Jing Cao of Bloomberg News had the story:
“This is a complex process that, like all strategic business decisions, will not be made final until it is determined through proper due diligence and planning that it is the best option for Samsung,” the company said in a statement. A Samsung representative in the U.S. wouldn’t comment beyond confirming the talks and said the company started reviewing options in the country early last fall.
The election of U.S. President Donald Trump influenced Samsung’s interest in a U.S. factory, according to the sources cited by the Journal. Trump campaigned on a promise of creating jobs in the U.S. and bringing back manufacturing, and has threatened to impose stiff tariffs on imports.
Samsung’s de facto chief, Jay Y. Lee was the only executive from a foreign company invited to a tech industry meeting Trump held in December, the Journal said.
Lee was not present at the meeting. He has been embroiled in a corruption scandal in South Korea since late last year and was indicted in February on bribery and embezzlement charges.
Berkeley Lovelace Jr. of CNBC.com reports that some of that production will come from Mexico:
A Samsung representative told CNBC Thursday morning Asia time that the company was in “preliminary discussions related to opening a new manufacturing facility in the U.S. for home appliances.” The electronics giant began reviewing manufacturing operations early last fall, the representative said.The representative added that no final decisions have been made yet. “This is a complex process that, like all strategic business decisions, will not be made final until it is determined through proper due diligence and planning that is is the best option for Samsung.”Trump has frequently lashed out at U.S. companies for moving operations and jobs to countries such as Mexico. Trump called for a 35-percent border tax on American businesses that move jobs abroad and import products back into the U.S. market.“I certainly support a form of tax on the border,” he told Reuters last month. “What is going to happen is companies are going to come back here, they’re going to build their factories and they’re going to create a lot of jobs and there’s no tax.”
Timothy W. Martin of The Wall Street Journal reported that five states are being considered:
The initial capital investment is expected to be around $300 million, several of the people said, with Samsung shifting some production of oven ranges to the U.S. from Mexico. The move could generate around 500 jobs, those people said.
Talks are continuing and no final decisions have been made, with a start date for oven-range production still undetermined, the people said, so the details may change.

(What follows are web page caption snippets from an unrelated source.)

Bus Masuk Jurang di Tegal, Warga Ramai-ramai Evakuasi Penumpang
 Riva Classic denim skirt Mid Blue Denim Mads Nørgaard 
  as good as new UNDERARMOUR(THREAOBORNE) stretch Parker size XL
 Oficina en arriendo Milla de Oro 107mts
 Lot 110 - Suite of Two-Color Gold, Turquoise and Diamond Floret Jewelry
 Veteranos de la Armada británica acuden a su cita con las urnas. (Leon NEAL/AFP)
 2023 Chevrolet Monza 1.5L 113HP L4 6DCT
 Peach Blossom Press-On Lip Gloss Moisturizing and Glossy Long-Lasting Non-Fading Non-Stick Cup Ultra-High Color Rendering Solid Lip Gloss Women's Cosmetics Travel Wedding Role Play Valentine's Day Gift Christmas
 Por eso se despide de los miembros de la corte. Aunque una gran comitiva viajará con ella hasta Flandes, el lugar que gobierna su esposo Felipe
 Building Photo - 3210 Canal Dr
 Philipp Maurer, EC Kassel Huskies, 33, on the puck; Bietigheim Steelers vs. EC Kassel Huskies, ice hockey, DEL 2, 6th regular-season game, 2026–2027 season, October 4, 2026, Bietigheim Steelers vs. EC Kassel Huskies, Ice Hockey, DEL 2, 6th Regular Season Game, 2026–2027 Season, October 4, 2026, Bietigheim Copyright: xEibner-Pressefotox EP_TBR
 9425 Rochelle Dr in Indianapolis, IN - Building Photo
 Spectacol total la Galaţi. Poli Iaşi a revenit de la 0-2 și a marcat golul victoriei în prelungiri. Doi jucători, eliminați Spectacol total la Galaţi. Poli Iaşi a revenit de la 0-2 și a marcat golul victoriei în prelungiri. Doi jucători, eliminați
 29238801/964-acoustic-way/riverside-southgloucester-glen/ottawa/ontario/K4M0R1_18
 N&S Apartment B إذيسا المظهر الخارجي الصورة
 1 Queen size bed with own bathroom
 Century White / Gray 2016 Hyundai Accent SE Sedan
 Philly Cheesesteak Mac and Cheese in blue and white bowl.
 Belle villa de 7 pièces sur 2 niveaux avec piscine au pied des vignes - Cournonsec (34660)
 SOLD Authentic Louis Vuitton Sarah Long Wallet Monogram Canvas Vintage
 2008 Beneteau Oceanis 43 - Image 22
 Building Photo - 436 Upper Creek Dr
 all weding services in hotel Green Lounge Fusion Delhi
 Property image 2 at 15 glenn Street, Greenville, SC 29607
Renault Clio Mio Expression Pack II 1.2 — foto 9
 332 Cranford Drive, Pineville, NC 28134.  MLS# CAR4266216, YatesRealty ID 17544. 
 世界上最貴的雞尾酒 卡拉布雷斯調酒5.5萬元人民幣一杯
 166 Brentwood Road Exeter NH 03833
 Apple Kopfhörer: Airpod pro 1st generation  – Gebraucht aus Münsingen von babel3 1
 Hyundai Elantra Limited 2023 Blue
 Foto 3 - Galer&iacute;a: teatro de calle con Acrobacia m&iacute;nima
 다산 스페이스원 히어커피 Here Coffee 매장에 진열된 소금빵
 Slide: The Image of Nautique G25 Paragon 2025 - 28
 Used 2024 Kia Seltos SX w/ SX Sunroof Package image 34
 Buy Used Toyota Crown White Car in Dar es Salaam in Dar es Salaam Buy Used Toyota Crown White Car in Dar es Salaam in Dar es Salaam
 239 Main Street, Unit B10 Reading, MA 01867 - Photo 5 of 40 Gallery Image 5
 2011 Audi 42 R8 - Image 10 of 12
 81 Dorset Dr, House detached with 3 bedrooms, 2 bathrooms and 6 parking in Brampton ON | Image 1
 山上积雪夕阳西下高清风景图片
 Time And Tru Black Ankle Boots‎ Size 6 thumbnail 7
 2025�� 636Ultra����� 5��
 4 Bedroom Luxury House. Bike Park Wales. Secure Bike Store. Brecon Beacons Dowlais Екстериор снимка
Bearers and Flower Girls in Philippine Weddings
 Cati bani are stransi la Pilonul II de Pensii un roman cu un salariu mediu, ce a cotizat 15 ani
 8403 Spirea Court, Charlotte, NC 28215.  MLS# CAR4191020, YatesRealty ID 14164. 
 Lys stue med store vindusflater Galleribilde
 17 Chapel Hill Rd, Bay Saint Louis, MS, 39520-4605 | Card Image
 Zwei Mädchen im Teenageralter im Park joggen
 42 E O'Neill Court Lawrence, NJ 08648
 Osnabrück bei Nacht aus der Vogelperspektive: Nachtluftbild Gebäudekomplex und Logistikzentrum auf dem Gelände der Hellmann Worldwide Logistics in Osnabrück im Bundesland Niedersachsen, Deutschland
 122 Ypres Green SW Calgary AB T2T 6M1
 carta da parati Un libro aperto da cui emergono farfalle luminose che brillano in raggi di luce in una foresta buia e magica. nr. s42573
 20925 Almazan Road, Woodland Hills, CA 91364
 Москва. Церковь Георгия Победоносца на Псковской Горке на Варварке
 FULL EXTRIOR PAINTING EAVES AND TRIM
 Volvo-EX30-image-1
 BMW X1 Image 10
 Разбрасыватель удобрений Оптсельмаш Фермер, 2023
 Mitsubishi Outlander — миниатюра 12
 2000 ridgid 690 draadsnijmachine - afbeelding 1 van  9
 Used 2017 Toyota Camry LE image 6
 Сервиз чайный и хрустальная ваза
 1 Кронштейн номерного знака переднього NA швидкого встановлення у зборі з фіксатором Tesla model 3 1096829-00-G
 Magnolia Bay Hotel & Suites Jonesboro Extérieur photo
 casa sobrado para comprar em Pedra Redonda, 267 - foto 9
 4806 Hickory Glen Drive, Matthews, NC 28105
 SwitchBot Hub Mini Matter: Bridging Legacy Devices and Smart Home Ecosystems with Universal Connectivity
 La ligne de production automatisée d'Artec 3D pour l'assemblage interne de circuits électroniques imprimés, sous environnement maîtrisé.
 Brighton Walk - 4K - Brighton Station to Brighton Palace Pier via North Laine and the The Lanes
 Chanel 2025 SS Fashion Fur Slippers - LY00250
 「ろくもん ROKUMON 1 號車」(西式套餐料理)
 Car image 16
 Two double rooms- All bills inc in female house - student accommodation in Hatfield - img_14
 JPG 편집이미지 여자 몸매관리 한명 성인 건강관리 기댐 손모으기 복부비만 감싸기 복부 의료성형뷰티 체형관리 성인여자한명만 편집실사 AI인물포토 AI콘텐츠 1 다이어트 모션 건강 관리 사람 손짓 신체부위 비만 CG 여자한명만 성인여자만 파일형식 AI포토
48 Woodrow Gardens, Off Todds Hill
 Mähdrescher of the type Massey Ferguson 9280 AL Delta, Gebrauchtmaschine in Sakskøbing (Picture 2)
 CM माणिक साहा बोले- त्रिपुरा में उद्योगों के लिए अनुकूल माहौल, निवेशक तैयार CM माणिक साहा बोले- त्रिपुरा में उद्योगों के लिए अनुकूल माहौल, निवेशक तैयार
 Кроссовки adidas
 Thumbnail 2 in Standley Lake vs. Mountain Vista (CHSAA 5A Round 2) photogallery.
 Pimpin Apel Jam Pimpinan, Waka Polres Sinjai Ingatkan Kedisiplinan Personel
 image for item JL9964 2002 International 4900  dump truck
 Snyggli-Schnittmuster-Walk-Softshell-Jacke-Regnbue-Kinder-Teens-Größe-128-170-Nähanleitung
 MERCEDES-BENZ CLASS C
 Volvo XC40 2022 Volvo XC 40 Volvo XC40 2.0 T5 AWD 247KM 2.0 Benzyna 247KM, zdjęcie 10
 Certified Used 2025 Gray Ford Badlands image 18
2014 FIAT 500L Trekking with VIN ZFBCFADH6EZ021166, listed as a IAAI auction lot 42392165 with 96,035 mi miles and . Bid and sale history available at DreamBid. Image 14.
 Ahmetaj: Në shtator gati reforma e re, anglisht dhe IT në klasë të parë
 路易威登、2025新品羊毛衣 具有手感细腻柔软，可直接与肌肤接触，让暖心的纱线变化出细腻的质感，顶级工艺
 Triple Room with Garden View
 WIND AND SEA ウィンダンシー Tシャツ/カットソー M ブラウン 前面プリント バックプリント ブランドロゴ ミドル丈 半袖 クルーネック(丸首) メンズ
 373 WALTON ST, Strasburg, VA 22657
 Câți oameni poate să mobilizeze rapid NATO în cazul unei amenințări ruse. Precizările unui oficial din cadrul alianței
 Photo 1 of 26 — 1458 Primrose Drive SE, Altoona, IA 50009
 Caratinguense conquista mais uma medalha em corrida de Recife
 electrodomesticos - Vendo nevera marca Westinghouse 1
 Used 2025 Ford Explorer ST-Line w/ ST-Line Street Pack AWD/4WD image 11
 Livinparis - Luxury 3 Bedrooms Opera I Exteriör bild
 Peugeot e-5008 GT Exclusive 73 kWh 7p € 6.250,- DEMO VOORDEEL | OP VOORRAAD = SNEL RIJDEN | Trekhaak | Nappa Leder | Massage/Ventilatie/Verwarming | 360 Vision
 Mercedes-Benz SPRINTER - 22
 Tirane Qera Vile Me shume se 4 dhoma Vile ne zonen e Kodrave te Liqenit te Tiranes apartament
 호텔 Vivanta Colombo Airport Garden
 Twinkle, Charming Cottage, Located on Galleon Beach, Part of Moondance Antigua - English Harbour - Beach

In subsequent years, Samsung could eventually ramp up U.S. manufacturing of refrigerators, washers, dryers and other home appliances, which could make the total investment significantly larger, according to people familiar with the discussions. But no firm deadline or commitment is set for those decisions, the people said.
Samsung’s interest in a U.S. factory was influenced by the election of U.S. President Donald Trump, according to people familiar with the matter. Mr. Trump campaigned on a desire to create more manufacturing jobs in the country—and has threatened potential penalties for companies that don’t comply.